When I Was Young/The Animals

昨日の日記は中途半端な所で終わった。第一、Cさんの言いたかったメインテーマにはほとんど触れず、枝葉部分のみ拝借して、自分自身のことを語ったにすぎない。
そもそも、Charlieについてあんな書き方をするのも、言葉足らずだった。10代でデビューした彼の類い稀な美しさに眼をつけた日本のマスコミは、派手なヘアスタイルやファッションを彼に施し、勝手にアイドルに仕立て上げた。当時の私は、そんな姿を見ても「今どき珍しいほどきれいな子だな」という程度の認識しかなった。本当に彼の美しさに釘付けになったのは、それから何年も経て、本来の路線で地道に活動している姿を偶然眼にした瞬間だった。運命の再会ではなかろうかとさえ思った。まあ、こんな具合に、外見に惹かれる場合でも、相当なこだわりがある。

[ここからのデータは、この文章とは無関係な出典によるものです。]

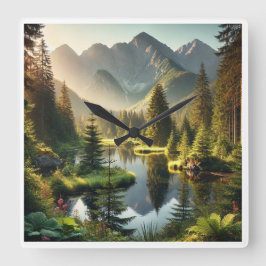 Reloj Cuadrado Montaña Pond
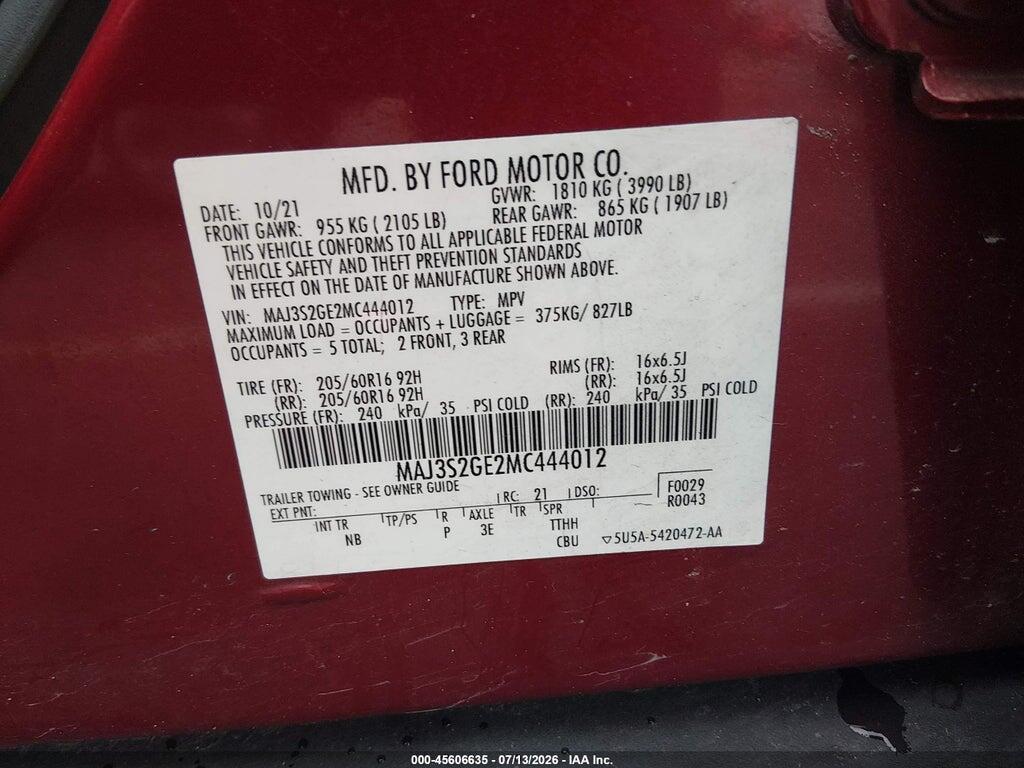 MAJ3S2GE2MC444012 2021 FORD ECOSPORT photo no. 9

高3の時、校内でよく見かけるきれいな子がいた。恋愛感情とはまた違う気持ちで、その姿を見るのが楽しみだった。会うたびに私があまりにも凝視するものだから、相手も私の存在に気付いているようだった。やがて、顔を合わすと、どことなくはにかんだ表情さえ見せるようになっていた。噂によると、目ざとい女生徒の間で話題になっている2年生の子らしかった。誰が話しかけても無視するという、そんなミステリアスさにも、ますます興味が沸いた。2年生の修学旅行に引率する先生が多くて、他学年の授業まで少し潰れることになった。自習時間が3時間も続いた時、私はフラリと美術室に行った。何とそこには、旅行に不参加のその子が1人いた。そこで引き返すのは不自然だ。「ここに座っていい?」と尋ねると、彼は黙って頷いた。私は5mぐらい離れて座った。「いつも見ていたのを知っていた?」「迷惑?」「しばらくじっと見ていてもいい?」最初の問いには頷き、次に首を振ってから、最後にまた頷いた。それからずいぶん長い間、互いにほとんどしゃべらず、時々顔を見合わせて恥ずかしそうに微笑み合うだけだった。距離は2mぐらいまで接近していた。それで充分だった。自分でもあきれるほどだった。
今にして思えば、それほど美しい子ではなかった。若い頃のノーメイクのDavid Bowieの歯並びを良くして上品にした感じ。自然な茶色っぽい髪はサラサラでアゴは細く、どこか現実離れした不思議な子だった。実際、倉多江美という漫画家の作品に、ソックリな子が登場して驚いた。
この話には後日談があるけれど、もうスペースがない。